Entre la Russie et l’Ukraine, la guerre des saints

Source: FSSPX Actualités

La statue d’Alexandre Nevski à Vladimir

L’Eglise orthodoxe d’Ukraine (EOU), affiliée au patriarcat de Constantinople, a décidé de retirer de son calendrier liturgique la mémoire d’Alexandre Nevski, un prince particulièrement honoré par le patriarcat de Moscou. Une fois de plus le principe de l’autocéphalie, cher à la religion orthodoxe, montre ses limites dans un conflit meurtrier qui fait rage aux portes de l’Europe.

Cachez ce saint que je ne saurais voir… « Le 2 février 2024, la réunion ordinaire du Saint-Synode de l’EOU a décidé de supprimer de son calendrier le jour de la mémoire du Saint-Prince Alexandre de Novgorod dit Nevski. » Une mesure qui a fait l’effet d’une bombe sur les bords de la Moskova.

« Kiev vient de lancer un missile spirituel en direction de Moscou », écrit ainsi Alexandre Soldatov dans le journal russe Novaïa Gazeta qui évoque pêle-mêle une « dé-canonisation » et un « anathème lancé contre un saint », dénonçant un fois de plus le « schisme ukrainien ».
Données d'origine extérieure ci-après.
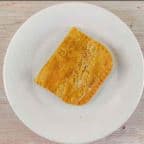 Best Beef Patty in Chattanooga, TN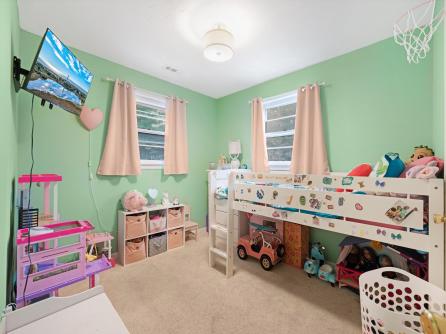 3125 Hemlock, North Cape May, NJ, 08204 Aditional Picture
Pour bien comprendre ce dont il s’agit, il faut rappeler que la figure d’Alexandre Nevski est volontiers utilisée par le patriarcat de Moscou pour souligner l’opposition existant entre la Russie et un Occident qu’elle estime lui être toujours plus hostile.

La figure d’Alexandre Nevski dans le « roman national » russe

Le jeune général russe (1220-1263) était prince de Novgorod avant de devenir grand-duc de Kiev et Vladimir sous Batu Khan, chef de la Horde d’or qui exerçait pour quelques décennies encore sa suzeraineté sur la région. Alexandre reçoit à vingt ans le commandement des troupes de la cité de Novgorod. Il se porte au-devant des Suédois et les vainc le 5 juin 1240, au bord de la Neva. Cette première et grande victoire lui vaut le surnom de Nevski.

Alors que les Lituaniens et les Allemands en profitent pour engager à leur tour une vaste offensive contre les principautés russes, Alexandre défait les chevaliers teutoniques catholiques et les chevaliers Porte-Glaives lors de la bataille de la Glace sur les bords du lac Peïpous, le 5 avril 1242.

Après avoir déplacé sa capitale de Kiev à Vladimir, Alexandre Nevski est approché par Innocent IV qui lui propose son aide pour se soustraire de la domination de la Horde d’or. Le prince lui oppose une fin de non-recevoir, déclarant : « Nous avons déjà tout ce dont nous avons besoin dans la tradition de la foi orthodoxe. » Le narratif de la sainte Russie qui refuse toute alliance avec les latins est né.

Dans le contexte de l’intervention militaire russe dans le Donbass, la figure d’Alexandre Nevski est devenue un enjeu à la foi religieux et politique dans un monde orthodoxe fracturé : le christianisme orthodoxe est en effet largement majoritaire en Ukraine, avec près de 80 % de fidèles sur 43 millions d’habitants. Il est principalement organisé autour de deux confessions.

L’Eglise ukrainienne (EOU-MP), dirigée par le métropolite Onuphre, relevait du Patriarcat de Moscou jusqu’à sa déclaration d’indépendance le 27 mai 2022, en réaction au soutien du patriarche Cyril de Moscou à l’invasion.

L’EOU-MP est pourtant toujours suspectée d’entretenir des sympathies prorusses, malgré sa condamnation, dès les premiers jours du conflit, de l’offensive militaire et l’annonce fin mai 2022 de la rupture de ses liens avec Moscou. D’ailleurs, le Parlement ukrainien a voté en première lecture, en octobre dernier, l’interdiction de cette Eglise.

En réaction contre l’EOU-MP a été créée en 2019 une autre « Eglise orthodoxe d’Ukraine » (EOU), dirigée par le métropolite Epiphane, qui a été reconnue par le Patriarcat de Constantinople, le grand rival de Moscou. De nombreuses paroisses de l’EOU-MP l’ont rejointe depuis le début de l’intervention russe – de gré ou de force, pour continuer à exister.

Autant de communautés chrétiennes que le principe de l’autocéphalie – qui fait partie de l’ADN de l’orthodoxie – contribue à fracturer et à être instrumentalisées par des pouvoirs politiques aux intérêts divers et changeants.